Mun'im Idris, a forensic expert who performed the autopsy of the body, said that it was the most brutal, vicious, and the most haunting case he had ever handled. According to Idris, this gruesome case is very disturbing, because despite there were plenty of forensic clues, e.g. victim's fingerprints and face was quite intact and it should be identifiable, the police has been unable to uncover the victim's identity.

==Chronology==
In the morning of 23 November 1981, two security guards of PT Garuda Mataram Motor found two cardboard boxes on the sidewalk of Jalan Jenderal Sudirman, Setiabudi, South Jakarta, right across Wisma Arthaloka building (today Bank Muamalat building). The two cardboard boxes attracted the attention of the two security guards because the boxes emanated a foul stench and was surrounded by flies. The two security guards immediately reported the discovery of the suspicious cardboard boxes to a policeman who was directing the traffic nearby. However, because the policeman was busy, this report was ignored.

The two boxes continued to lie on the side of the road until they were approached by two homeless garbage scavengers (pemulung) who subsequently opened the boxes. When opened, they found a mutilated body; the first box contained thirteen bones and a head, in which the flesh was removed from the bones. The severed head, however, was quite intact. The second box contained 180 pieces of human flesh, including internal organs such as lung, liver, and spleen. Some body markings such as fingerprints, palms, foot soles, and parts of face and head were not removed, meanwhile body parts such as anus, bladder and pancreas were missing.

===Autopsy result===
The autopsy of the body was carried out for approximately two hours. Mun'im Idris said that the victim was slaughtered systematically and slashed in a similar fashion to a "spit roasted goat" (kambing guling). According to the investigation, the unidentified male victim was estimated to be 18 to 21 years old, had a height of 165 cm, had the condition of phimosis, and had a sturdy body and slightly overweight. The victim was killed and mutilated about one or two days prior to when the body was found.

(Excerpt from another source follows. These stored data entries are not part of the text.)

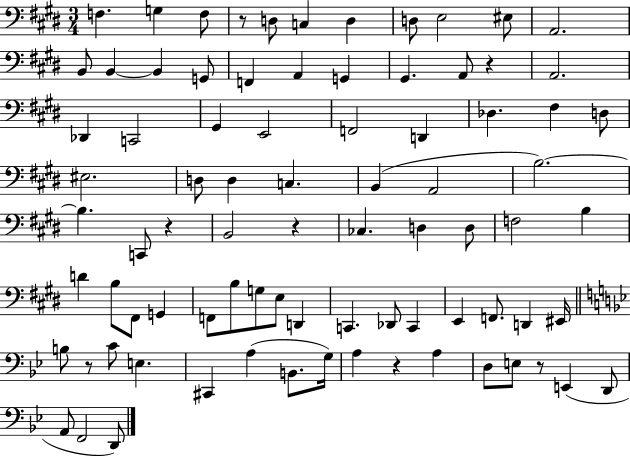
X:1
T:Untitled
M:3/4
L:1/4
K:E
F, G, F,/2 z/2 D,/2 C, D, D,/2 E,2 ^E,/2 A,,2 B,,/2 B,, B,, G,,/2 F,, A,, G,, ^G,, A,,/2 z A,,2 _D,, C,,2 ^G,, E,,2 F,,2 D,, _D, ^F, D,/2 ^E,2 D,/2 D, C, B,, A,,2 B,2 B, C,,/2 z B,,2 z _C, D, D,/2 F,2 B, D B,/2 ^F,,/2 G,, F,,/2 B,/2 G,/2 E,/2 D,, C,, _D,,/2 C,, E,, F,,/2 D,, ^E,,/4 B,/2 z/2 C/2 E, ^C,, A, B,,/2 G,/4 A, z A, D,/2 E,/2 z/2 E,, D,,/2 A,,/2 F,,2 D,,/2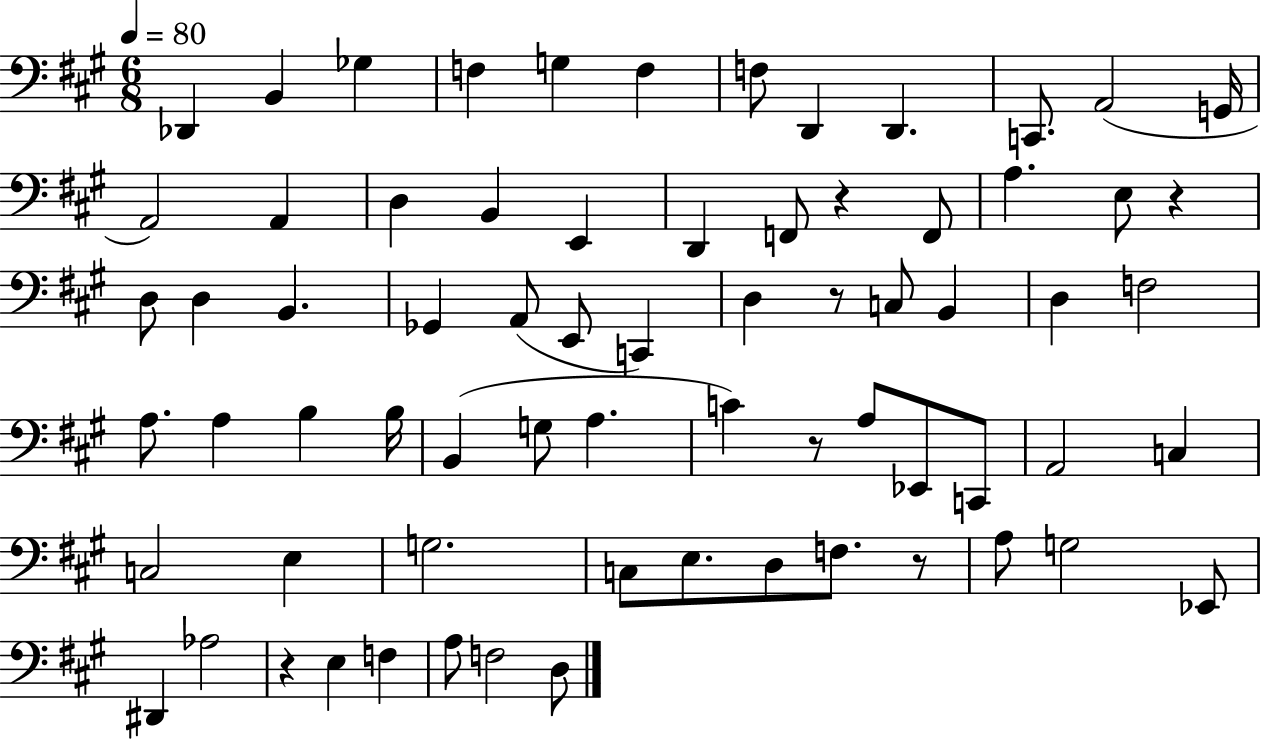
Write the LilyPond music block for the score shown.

{
  \clef bass
  \numericTimeSignature
  \time 6/8
  \key a \major
  \tempo 4 = 80
  des,4 b,4 ges4 | f4 g4 f4 | f8 d,4 d,4. | c,8. a,2( g,16 | \break a,2) a,4 | d4 b,4 e,4 | d,4 f,8 r4 f,8 | a4. e8 r4 | \break d8 d4 b,4. | ges,4 a,8( e,8 c,4) | d4 r8 c8 b,4 | d4 f2 | \break a8. a4 b4 b16 | b,4( g8 a4. | c'4) r8 a8 ees,8 c,8 | a,2 c4 | \break c2 e4 | g2. | c8 e8. d8 f8. r8 | a8 g2 ees,8 | \break dis,4 aes2 | r4 e4 f4 | a8 f2 d8 | \bar "|."
}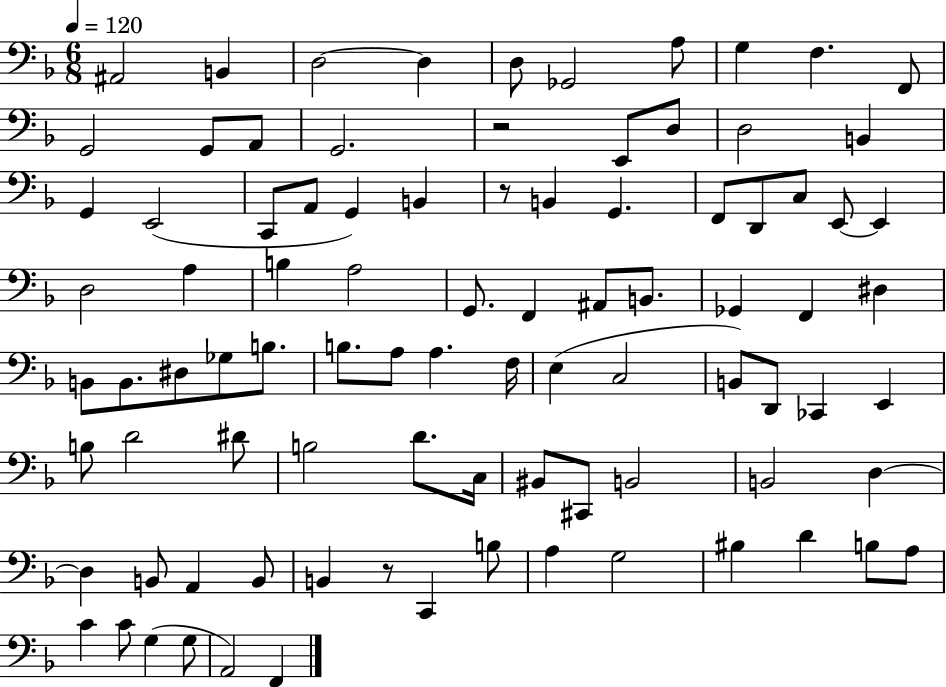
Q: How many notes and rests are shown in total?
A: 90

According to Idris, the victim was killed by stabbing using a knife, due to wound marks found on the chest, back and abdomen. In less than 24 hours after the victim was murdered, it was exposed to water, as seen from the wrinkling of its fingertips. The bones were clean and the flesh pieces were free from blood as if it was cleansed with water, which suggested that the mutilation was possibly done in a bathroom. According to forensic doctor estimations, the slaughter and mutilation took place between 21 November to the early dawn of 22 November 1981.

The fingerprint test results did not match any existing fingerprint database. According to the estimation of the crime investigator, the mutilations were presumably carried out by more than one person and were estimated to have lasted for about 3 to 4 hours.

Hundreds of people who claimed the loss of family and relatives came during the identification process. However, from various information collected by the police, the body did not match any person being sought. The identification process lasted until 27 November 1981. The victim was buried in Tegal Alur cemetery in Kalideres, West Jakarta. Until now, this case remains unsolved.